> _Activity_
The pictures in the listing below are to be skipped, while the lines between the line holding "Sol en vinyle" and the line holding "HC by Sango-1", inclusive, are to be output exactly.

> _Exercise input_
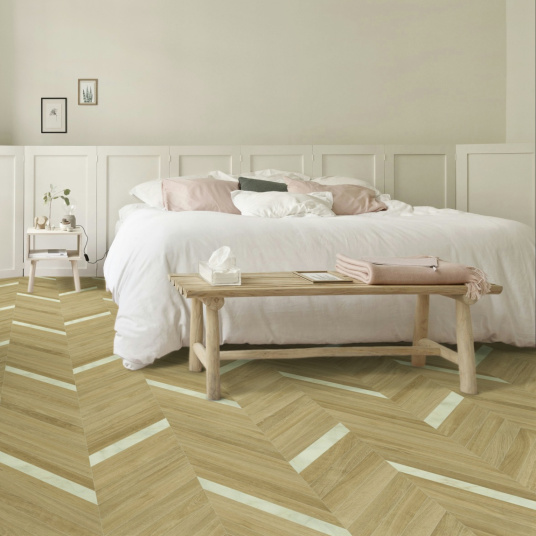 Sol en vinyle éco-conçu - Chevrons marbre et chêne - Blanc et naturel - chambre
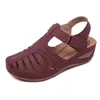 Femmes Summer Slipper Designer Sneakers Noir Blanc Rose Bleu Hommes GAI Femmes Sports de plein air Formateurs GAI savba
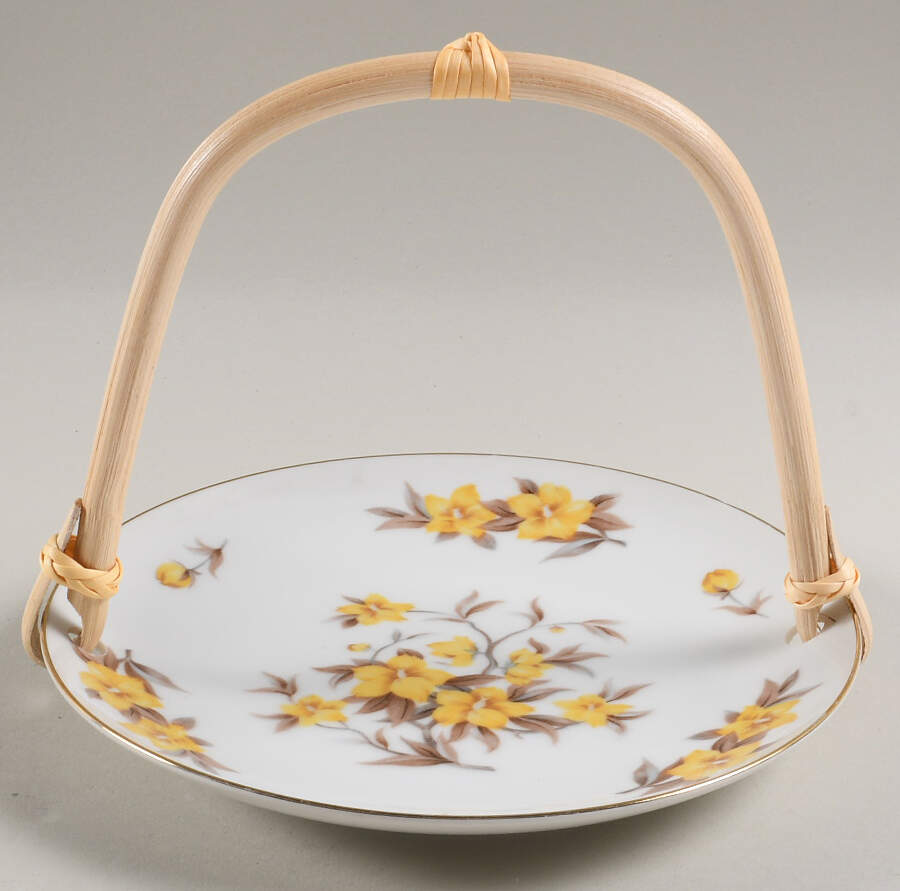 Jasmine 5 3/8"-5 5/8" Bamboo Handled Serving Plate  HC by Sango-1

---

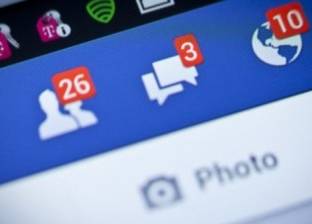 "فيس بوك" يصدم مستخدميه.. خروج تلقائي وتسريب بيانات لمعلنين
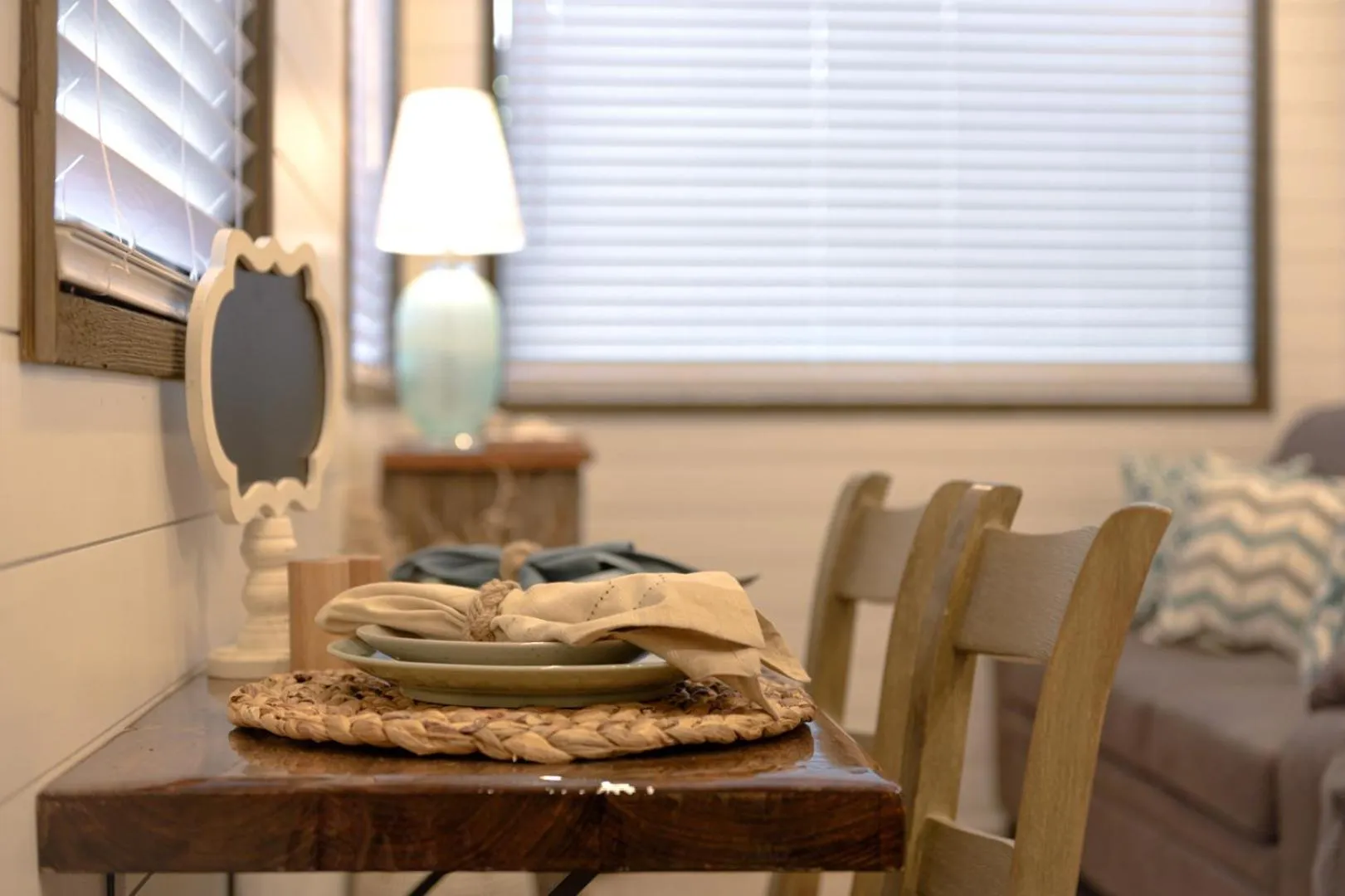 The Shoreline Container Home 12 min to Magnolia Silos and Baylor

...

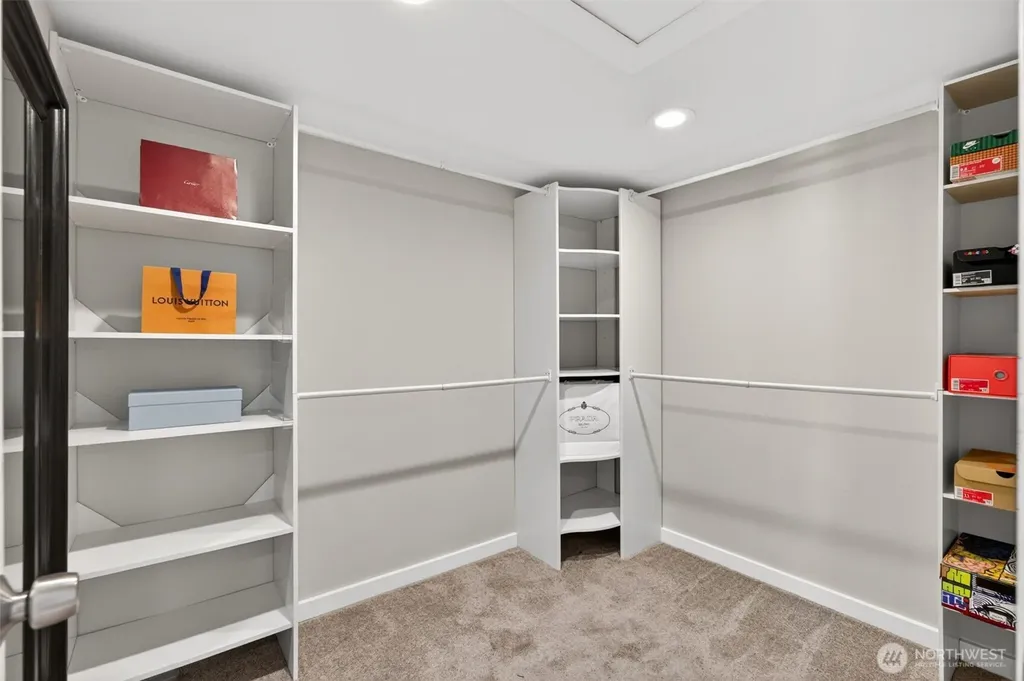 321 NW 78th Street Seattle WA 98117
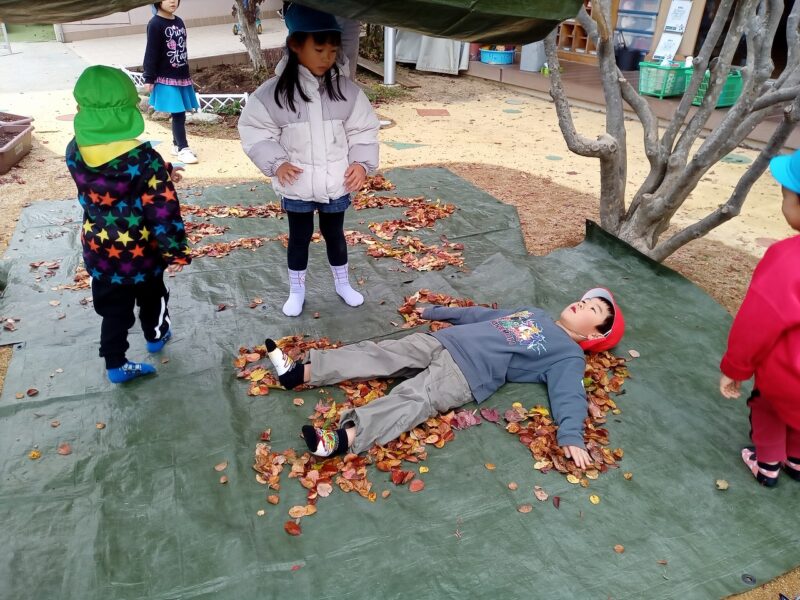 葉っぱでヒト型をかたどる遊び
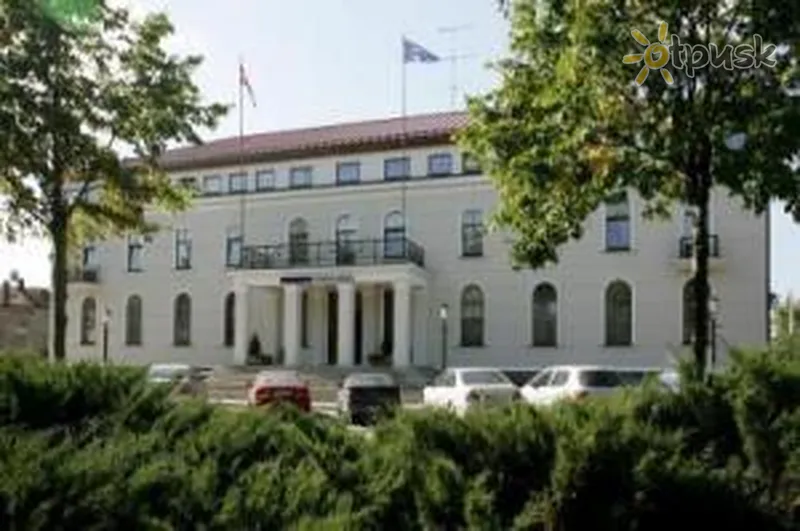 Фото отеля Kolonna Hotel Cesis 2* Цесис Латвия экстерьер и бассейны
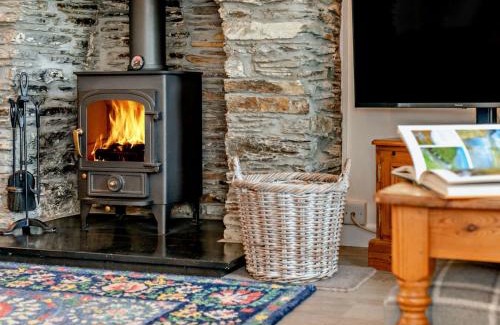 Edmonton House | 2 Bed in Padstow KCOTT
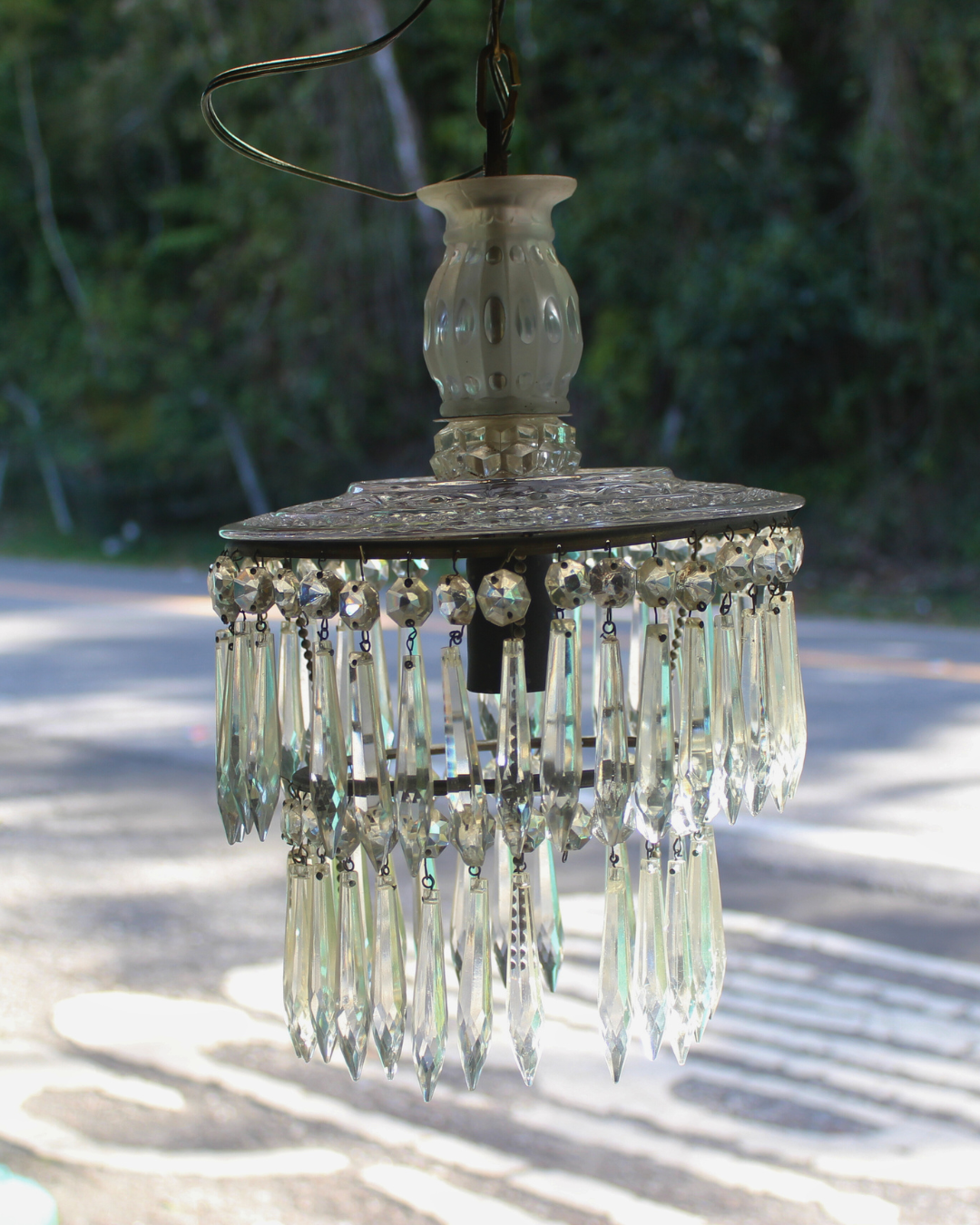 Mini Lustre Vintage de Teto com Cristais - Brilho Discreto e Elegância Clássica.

> _Result of this task_
 Sol en vinyle éco-conçu - Chevrons marbre et chêne - Blanc et naturel - chambre
 Femmes Summer Slipper Designer Sneakers Noir Blanc Rose Bleu Hommes GAI Femmes Sports de plein air Formateurs GAI savba
 Jasmine 5 3/8"-5 5/8" Bamboo Handled Serving Plate  HC by Sango-1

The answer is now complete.